Democratic Senator’s Attempt to Attach Marijuana Banking Provision to Financial Bill Fails in Committee Vote
A Democratic senator unsuccessfully attempted to attach a key provision of a marijuana banking bill—but not one that would’ve directly improved cannabis industry access to financial services—to a broader bill addressing debanking concerns.
During a Senate Banking Committee markup session, Sen. Jack Reed (D-RI) proposed an amendment to integrate Section 10 of the Secure and Fair Enforcement Regulation (SAFER) Banking Act into the Financial Integrity and Regulation Management (FIRM) Act. This section broadly aims to prevent banking regulators from targeting certain controversial businesses, such as firearm industry players, rather than directly benefiting cannabis businesses.

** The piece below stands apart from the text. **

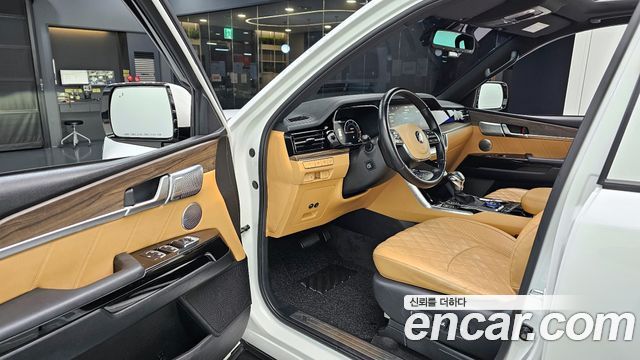Kia Mohave The Master Diesel 3.0 4WD 6-Seater Masters 2021 — фото 11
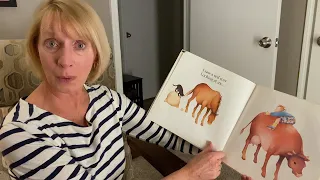 I Went Walking - Kids Book Read Aloud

Committee Rejects Amendment in a Party-Line Vote
Reed defended the amendment, stating that it would introduce “guardrails around the regulators’ use of reputational risk, without eliminating the concept entirely” and would “prevent debanking in a responsible way.” However, the proposal failed in a party-line vote of 13-11.
For cannabis industry advocates, disappointment extended beyond the failed amendment. Many were frustrated that no senator attempted to integrate the full SAFER Banking Act into the FIRM Act, especially given the bill’s relevance to the debanking issue.
“While I’m disappointed no one offered a SAFE Banking amendment to this very germane legislation, I’m equally disappointed in the industry advocates that didn’t make it happen,” said Don Murphy, co-founder of the American Cannabis Collective.
Longstanding Frustrations Over Cannabis Banking Reform Persist
The failure to pass cannabis banking reform last session, despite Democratic control of Congress, remains a sore point. The standalone SAFER Banking Act advanced through the Senate Banking Committee in late 2023 but never reached the Senate floor. Earlier versions had passed the House multiple times.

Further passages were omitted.